TASK PROMPT:
Exclude the images, then return every line below exactly as written.

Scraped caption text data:
------------------------------------------------------------

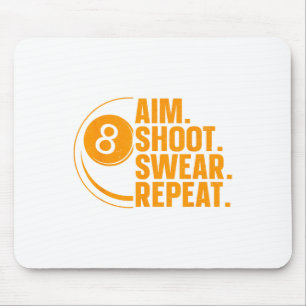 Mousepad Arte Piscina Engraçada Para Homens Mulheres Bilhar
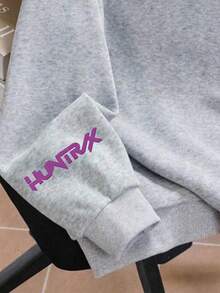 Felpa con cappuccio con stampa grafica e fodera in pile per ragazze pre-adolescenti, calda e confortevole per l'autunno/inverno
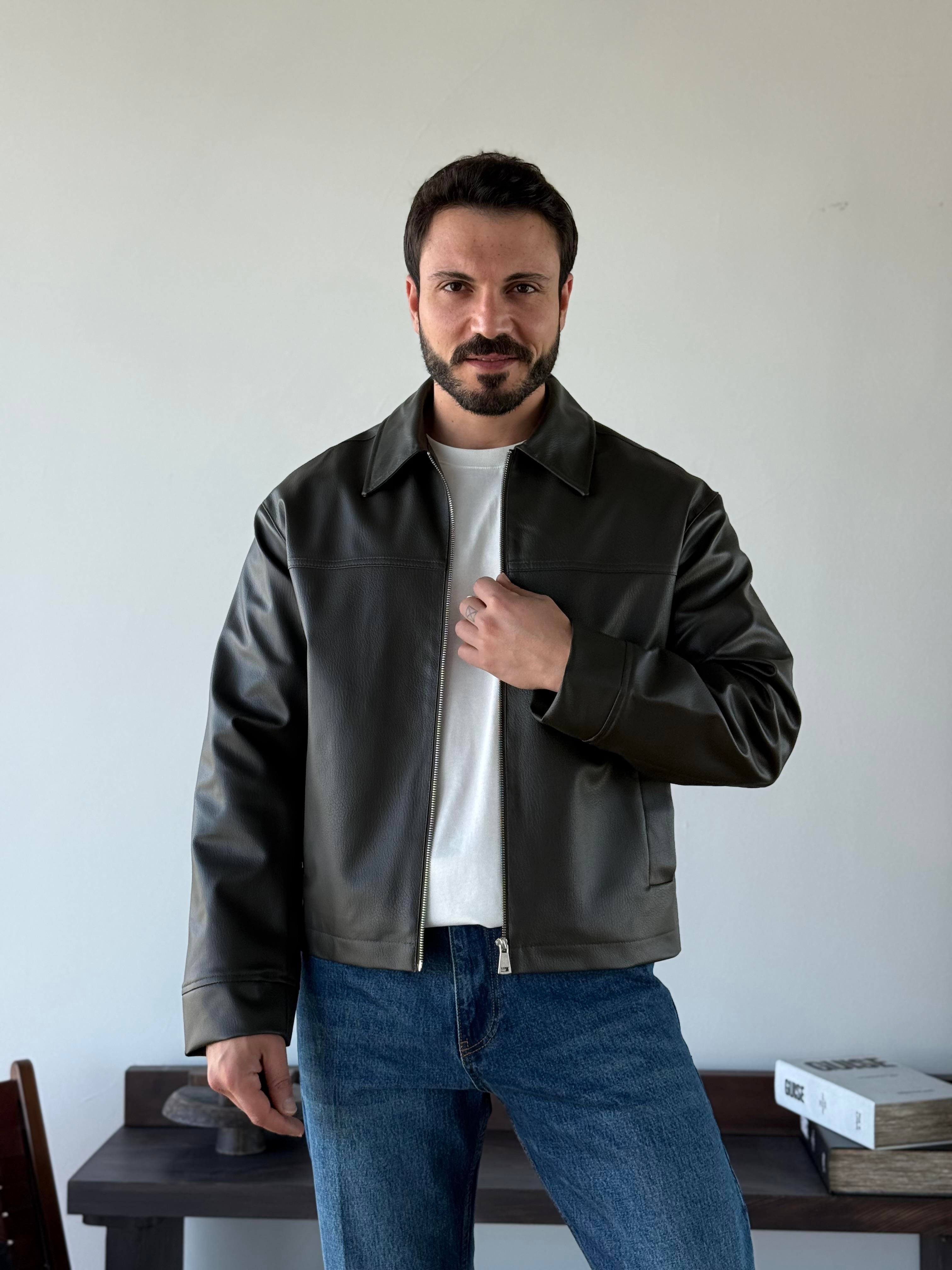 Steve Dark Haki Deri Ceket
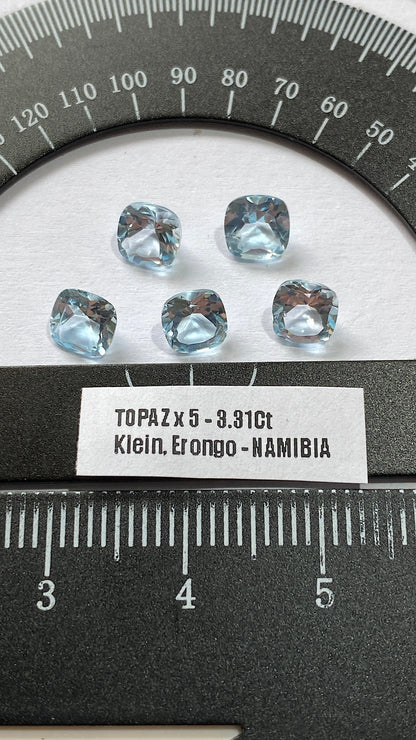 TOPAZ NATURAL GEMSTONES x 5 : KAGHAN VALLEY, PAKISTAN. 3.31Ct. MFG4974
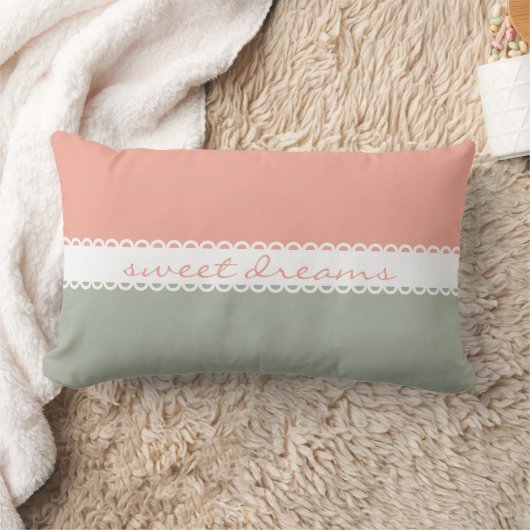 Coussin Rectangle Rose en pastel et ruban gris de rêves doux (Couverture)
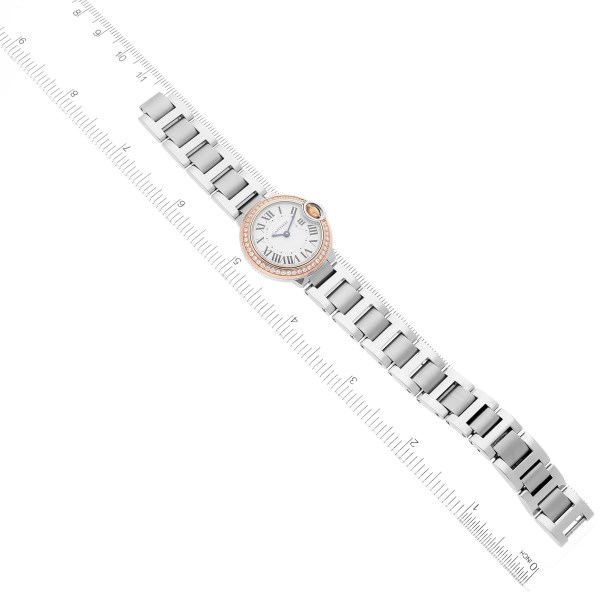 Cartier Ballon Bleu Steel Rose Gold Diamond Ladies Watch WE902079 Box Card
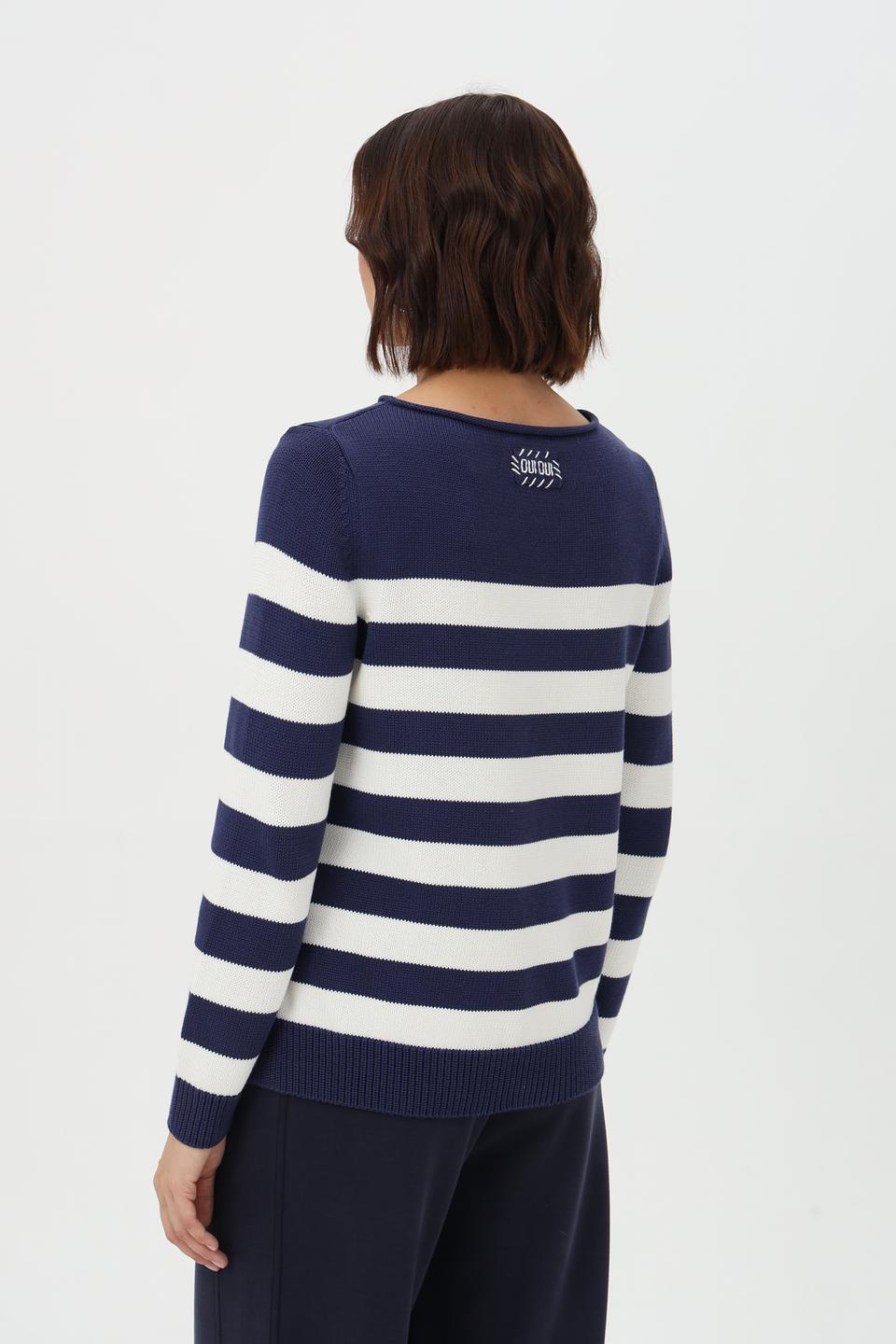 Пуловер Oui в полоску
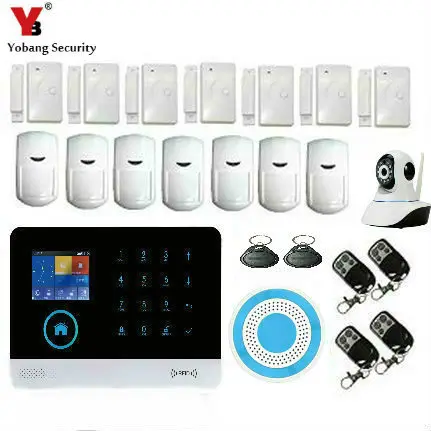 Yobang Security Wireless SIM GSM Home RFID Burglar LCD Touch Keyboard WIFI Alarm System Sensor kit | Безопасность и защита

------------------------------------------------------------

EXERCISE OUTPUT:
 Mousepad Arte Piscina Engraçada Para Homens Mulheres Bilhar
 Felpa con cappuccio con stampa grafica e fodera in pile per ragazze pre-adolescenti, calda e confortevole per l'autunno/inverno
 Steve Dark Haki Deri Ceket
 TOPAZ NATURAL GEMSTONES x 5 : KAGHAN VALLEY, PAKISTAN. 3.31Ct. MFG4974
 Coussin Rectangle Rose en pastel et ruban gris de rêves doux (Couverture)
 Cartier Ballon Bleu Steel Rose Gold Diamond Ladies Watch WE902079 Box Card
 Пуловер Oui в полоску
 Yobang Security Wireless SIM GSM Home RFID Burglar LCD Touch Keyboard WIFI Alarm System Sensor kit | Безопасность и защита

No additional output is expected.